It’s a great song. But it’s really hard to do in real life.

I have to confess that shining the light of Jesus has always been the “weakest link” in my nearly 40 year spiritual journey as a Christ-follower. Although I have the privilege to have led dozens of people to Christ and planted lots of seed, I still feel like I am fall short in this area of my life. I’m afraid to get to the end of my life and I’ll be like Oskar Schindler (from the movie “Schindler’s List”) who, at the end of saving over 1,000 Jews from death, weeps regretfully over the fact  that he could have saved a lot more if he wasn’t so self-absorbed.

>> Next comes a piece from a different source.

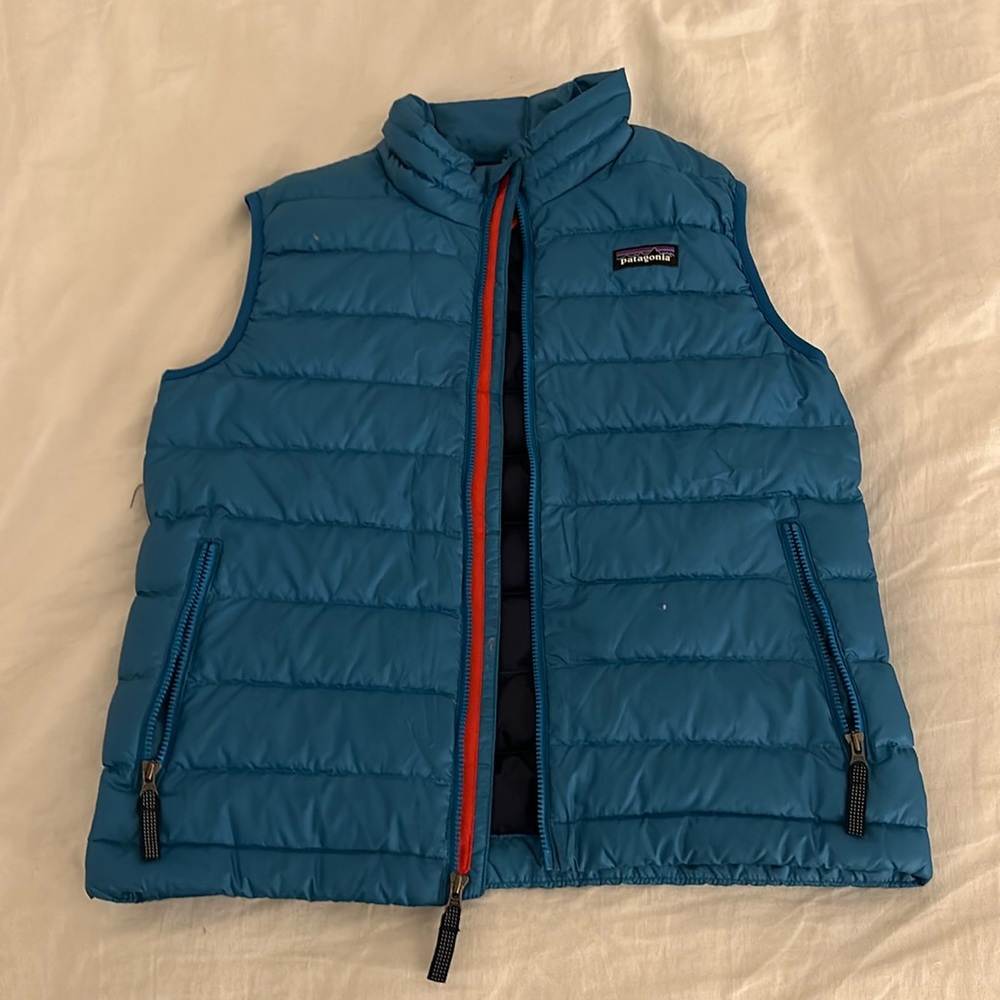 patagonia youth blue puffer vest size 10 (youth M)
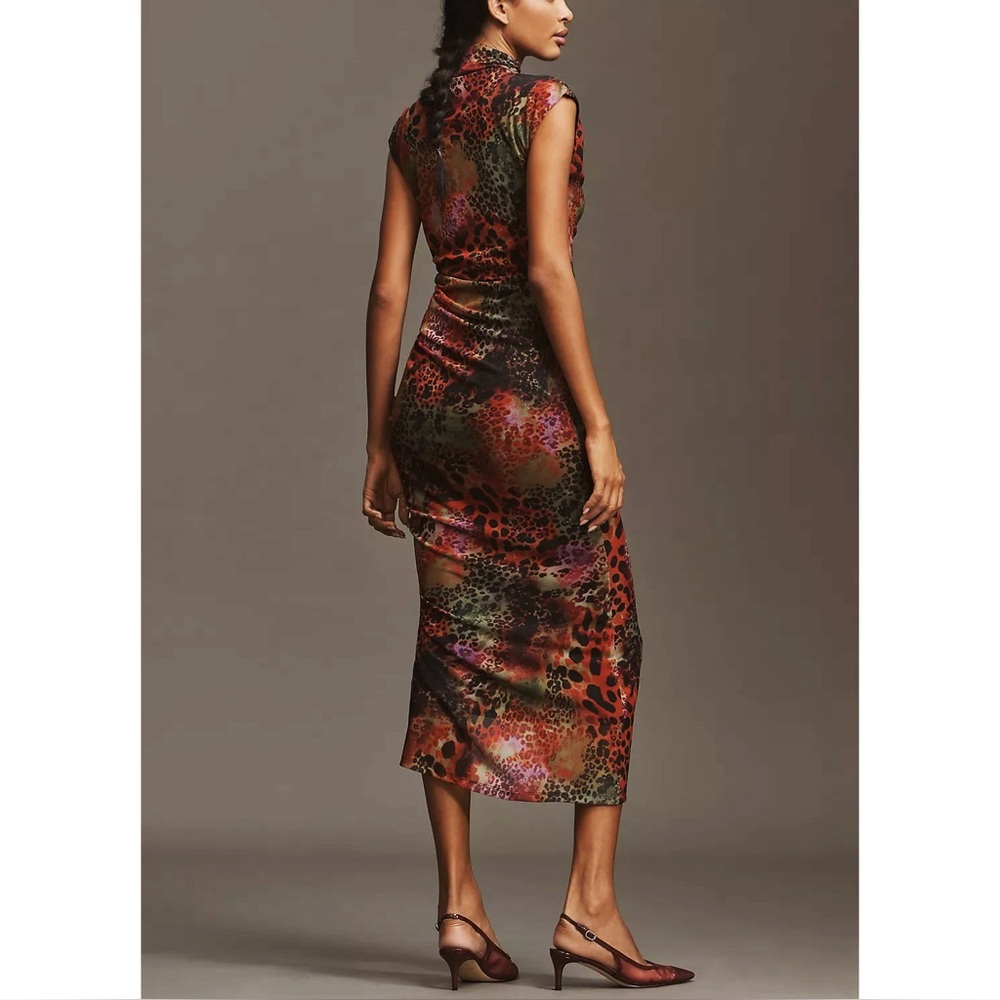 Anthropologie - The Maya Ruched Cowl-Neck Mesh Dress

I fear there are people who might not know Christ if I keep “hiding my light under a bushel” or “allow Satan to blow it out.”

My church calls this shining of Christ’s light, “Compassionate Outreach.” It’s the Spirit inspired and Biblically mandated activity of going outside of ourselves to help others know the life and love of God in Jesus Christ. Other groups call it “evangelism” – which means “sharing the Good News.” But we also include the “actions” of the Good News (showing compassionate love to others through meeting needs), as well as the message (that God invites us into His eternal life as we receive forgiveness of sins through Christ and following His Lordship).

But as I said earlier, it’s easier said than done. The reason for the difficulty is that there are tremendous spiritual, cultural and pragmatic forces working against Christ-followers to share the Gospel with others. Our culture frowns on people who act spiritual and are too “outward” with their faith. We sense the fear of being labeled a “Bible thumper” or “weird religious fanatic” by others. Spiritually, there is an enemy who knows that if we effectively help others become Christ followers, his dark work is severely threatened. So Satan and darkness furiously work at keeping our faith “inward” and keeping the Kingdom of God contained.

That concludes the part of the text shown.